# Work to complete
Output exactly the lines of the listing below that run from the line with "Bild på mattan Ridala" through the line with "Neu Ford Transit". No pictures.

# Excerpted records
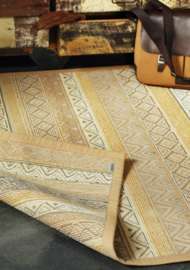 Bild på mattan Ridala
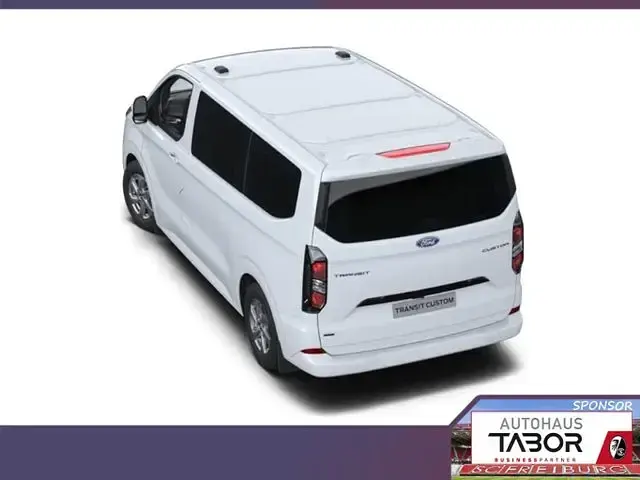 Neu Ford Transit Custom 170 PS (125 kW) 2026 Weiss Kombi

* * *

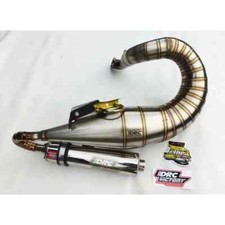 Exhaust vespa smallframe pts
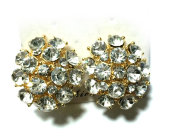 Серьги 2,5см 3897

# Solution below
 Bild på mattan Ridala
 Neu Ford Transit Custom 170 PS (125 kW) 2026 Weiss Kombi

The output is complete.